Leitartikel

Mieux vaut être riche et en bonne santé…

d'Lëtzebuerger Land du 20.10.2017

...que pauvre et malade, dit la boutade, et le Statec vient confirmer la corrélation entre santé et bien-être matériel cette semaine avec la publication de son rapport Travail et cohésion sociale 2017. Il y constate une double causalité : plus on est pauvre, plus on est en mauvaise santé ; et plus on est en mauvaise santé (tabagisme, obésité, dépression), plus on risque de rester en situation de pauvreté. Au Luxembourg, les inégalités sociales non seulement se creusent – le taux de risque de pauvreté a encore augmenté, de 18,5 pour cent de la population en 2015 à 19,7 en 2016 –, mais deviennent en outre de plus en plus visibles. Ce sont les conducteurs de Porsche Cayenne versus les utilisateurs des bus ; ceux qui partent en vacances cinq fois par an contre ceux qui économisent pour pouvoir envoyer leurs enfants en colonie ; ceux qui achètent leur brunch du week-end au traiteur de luxe italien versus ceux où c’est pâtes produit blanc cinq fois par semaine. Pour la bonne conscience, les premiers sont prêts à garer parfois leur grosse berline devant un supermarché régional et de participer à une collecte de produits de première nécessité pour la banque alimentaire organisée par leur « service club ». Car, autre chiffre inquiétant fourni par le Statec, si les dix pour cent des personnes les moins aisées ne possèdent que trois pour cent du revenu total, les dix pour cent les plus aisés en amassent, quant à eux, 24 pour cent.

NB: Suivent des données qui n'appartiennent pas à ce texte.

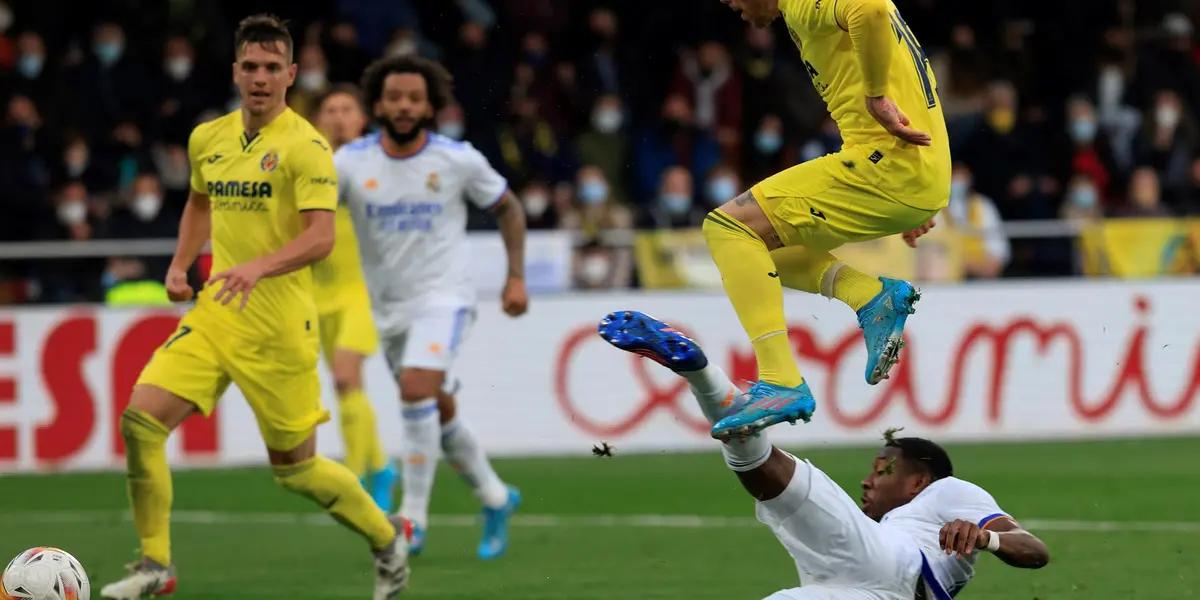 Los internacionales argentinos fueron claves en el encuentro que Villarreal empató ante el líder de LaLiga. el defensor, anulando a Vinicius jr por la banda. El mediocampista, en tanto, manejó los hilos de un Submarino Amarillo que (sobre todo en la primera etapa) le sacó el balón a los de Ancelotti.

Les inégalités se creusent donc de manière dramatique, mettent en garde les ONGs sociales en réaction à ces chiffres, ce qui fait bondir les organisations patronales. Ce qu’on fait ici, dit en substance Jean-Jacques Rommes, président de l’UEL, c’est se ­plaindre à haut niveau. Les pauvres sembleraient de plus en plus pauvres parce qu’il y a plus de riches, mais ce ne serait qu’une illusion d’optique. Or, le mode de calcul du seuil de pauvreté est on ne peut plus clair : il s’agit d’un revenu disponible équivalant à soixante pour cent du revenu médian. Le revenu médian étant celui où cinquante pour cent de la population ont un revenu supérieur et cinquante pour cent un revenu inférieur. Le seuil de pauvreté se situait à 1 689 euros en 2016, c’est plus bas qu’en 2015. Et sans transferts sociaux, le taux de pauvreté se situerait autour de quarante pour cent. Dix pour cent de la population vivent avec moins de mille euros par mois. Comment faire, dans un pays où, justement, les hauts revenus tirent les prix, notamment du logement, vers le haut ?

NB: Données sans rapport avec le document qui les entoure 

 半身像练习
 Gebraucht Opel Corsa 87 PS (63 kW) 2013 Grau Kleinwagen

À un an des législatives, la partie gauche du gouvernement Bettel/Schneider/Braz se voit reprocher d’avoir oublié le volet social durant les quatre dernières années, de ne pas avoir tout mis en œuvre pour que les inégalités sociales soient amoindries. Au contraire, beaucoup des politiques de la majorité ne contenaient aucune sélectivité sociale : les iPad et les livres gratuits le seront pour tous les ménages, tout comme la réforme des allocations familiales n’a pas été couplée à des conditions sociales et celle du congé parental profite surtout aux revenus les plus élevés. Le réforme du RMG/Revis, en cours, se fait dans une philosophie de méfiance et de peur de l’abus, comme s’il fallait surtout chasser ceux qui toucheraient des aides publiques indues. Chaque étranger pauvre (les expats de luxe en sont exclus) doit désormais signer un contrat d’insertion et chaque chômeur être prêt à se faire « activer » dans le cadre d’une mesure pour l’emploi, alors qu’à l’autre extrémité de l’échelle des revenus, le gouvernement déroule le tapis rouge aux high-net-worth individuals. Désormais, prône la nouvelle génération des leaders libéraux à la Macron, faire un effort doit à nouveau valoir la chandelle, on ne doit plus jalouser les hommes d’affaires qui réussissent. S’activer, c’est très bien, mais il faut en avoir les moyens de départ (et la santé). Car « on ne peut pas se remonter les manches quand on n’a pas de chemise », dit le journaliste et sociologue britannique Joseph Hanlon. Dans la foulée des débats de cette semaine, la ministre de la Famille Corinne Cahen (DP) a vite annoncé une réforme de l’allocation de vie chère. Pour au moins donner l’impression de « faire quelque chose » dans la lutte contre cette scandaleuse pauvreté.